EXERCISE DIRECTIONS>
Skip the pictures. Give all the data again exactly.

DATA SECTION>
★ ★ ★ ★ ★ ★ ★
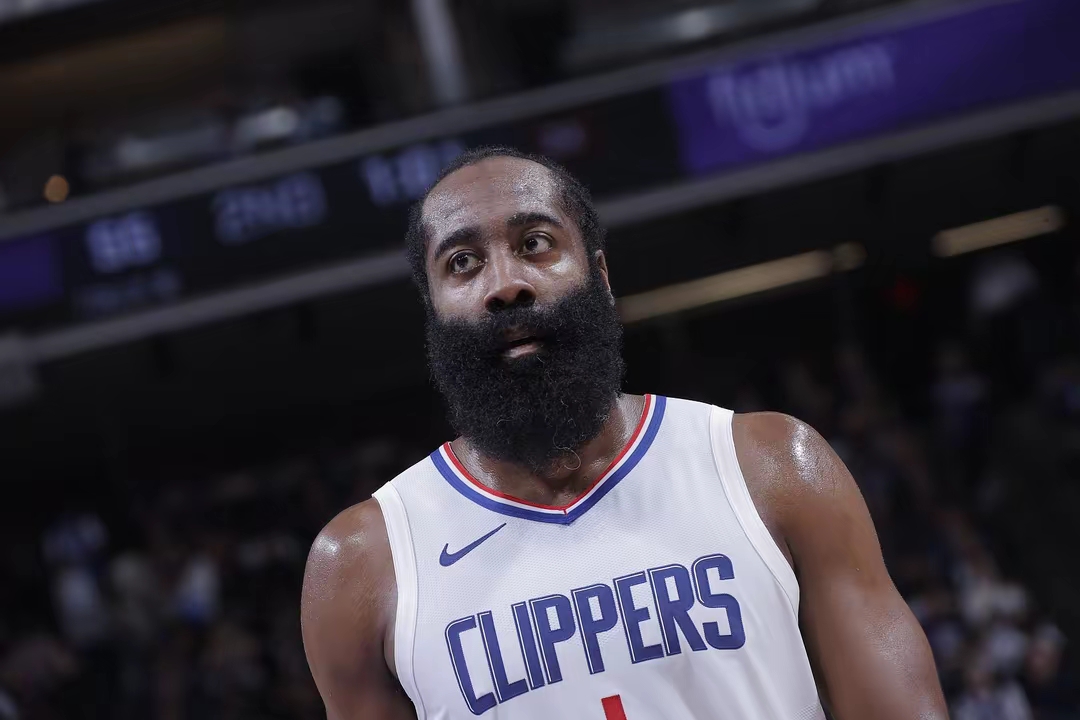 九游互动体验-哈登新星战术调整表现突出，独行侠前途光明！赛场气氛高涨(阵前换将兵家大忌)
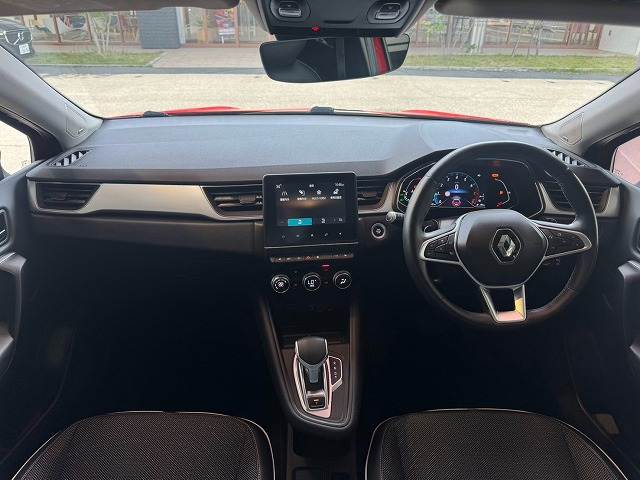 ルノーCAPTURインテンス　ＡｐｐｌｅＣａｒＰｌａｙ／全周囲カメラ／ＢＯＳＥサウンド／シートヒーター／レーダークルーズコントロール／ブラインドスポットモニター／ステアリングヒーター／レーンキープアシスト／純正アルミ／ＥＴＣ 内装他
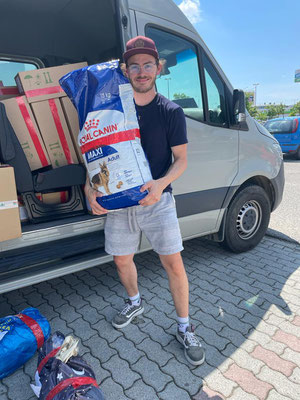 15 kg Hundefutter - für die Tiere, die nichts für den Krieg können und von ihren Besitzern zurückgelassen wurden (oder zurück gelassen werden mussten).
★ ★ ★ ★ ★ ★ ★
ANSWER TO THIS EXERCISE>
 九游互动体验-哈登新星战术调整表现突出，独行侠前途光明！赛场气氛高涨(阵前换将兵家大忌)
 ルノーCAPTURインテンス　ＡｐｐｌｅＣａｒＰｌａｙ／全周囲カメラ／ＢＯＳＥサウンド／シートヒーター／レーダークルーズコントロール／ブラインドスポットモニター／ステアリングヒーター／レーンキープアシスト／純正アルミ／ＥＴＣ 内装他
 15 kg Hundefutter - für die Tiere, die nichts für den Krieg können und von ihren Besitzern zurückgelassen wurden (oder zurück gelassen werden mussten).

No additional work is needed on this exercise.